The Treshnish headland is a remote, wild and rugged region of North-West Mull, which offers fabulous walking all-year-round, with the added bonus that the views are simply to die for! The location for today’s walk is one of our favourites on the island and one that we never tire of. The drizzle and mist of yesterday had decided to hang around a little longer, yet this allowed us to view the Treshnish archipelago in all its ethereal beauty, which is something that only the most seasoned of walkers get the chance to appreciate.
On climbing up to the flat top of Dun Haunn, an Iron Age fortification, we had a bird’s eye view out over the sea. The dark hulk of Lunga, the principal member of the Treshnish group stood head and shoulders above the smaller Cairn na Burgh islands, which lie at its North-East fringe. Today, the larger island is home to thousands of nesting seabirds and is something of a ‘Puffin Central’ in these waters. Unlikely as it may seem today, Lunga previously housed a human population of around 20 residents, the last of whom departed the island in 1857. The remains of the black houses can still be seen and leave us to reflect on the life and times of a bygone age, when seabirds and their eggs would have been an important part of the islander’s diet.

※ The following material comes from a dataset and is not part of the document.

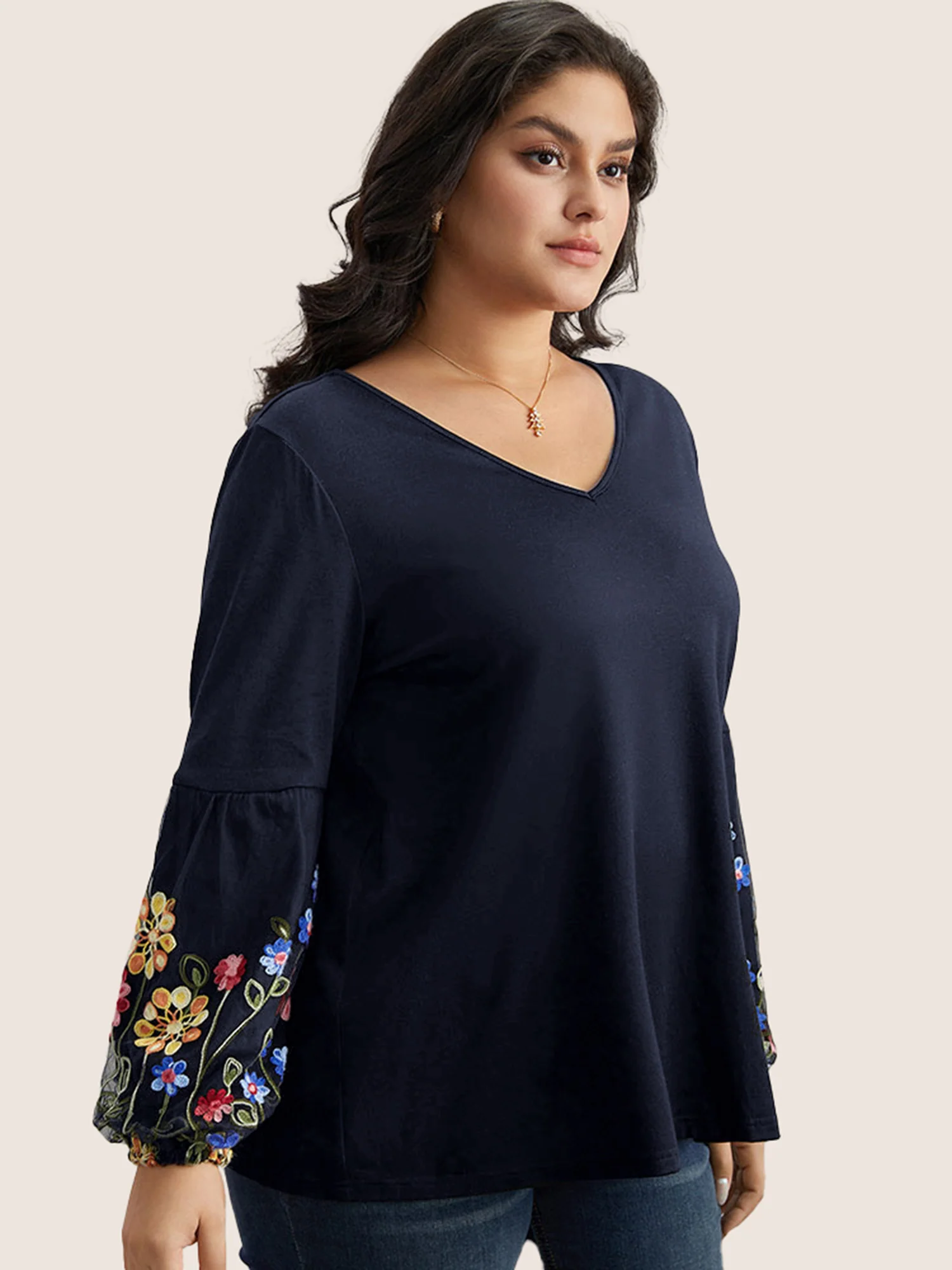 Floral Embroidered Lantern Sleeve T-shirt - Image 3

Sitting in our lofty position within the fort allowed us to scan the stony beach below, where a pair of Oystercatchers and Ringed Plovers had chosen to nest, far above the high tide mark of decaying seaweed. The nests were little more than a shallow depression in the ground, which were decorated with broken shells. The background colour of the eggs of both species is similar and blends perfectly with the pebbly environment of the nest location. This cryptic camouflage greatly protects the nests from being found by potential predators.
The female Oystercatcher had laid three eggs in her clutch, whereas the Ringed Plover had four eggs in its scrape. Oystercatcher’s tend to lay two or three eggs, although complete clutches of four eggs can be found. After locating the nests, we were mindful not to outstay our welcome and paused only to take a photograph before leaving both pairs to continue with their incubation duties.
The orchid season has well-and-truly begun on Mull and we were delighted to come across a few small colonies of Early Purple Orchids as we walked among the coastal grassland at Treshnish. Orchids are our ‘celebrity’ flowers, here on the island, as each species has a particular beauty and glamour of its own.
These exquisite flowers are special to many and Mull Magic always experience a special delight when we come across these beautiful plants. The Early Purple is the first of our orchids to come into flower and, on the nearby moorland, we notice that it won’t be long before the Heath Spotted Orchid follows suit. Shortly, we won’t be able to walk far for fear of trampling on these most prolific of local orchids!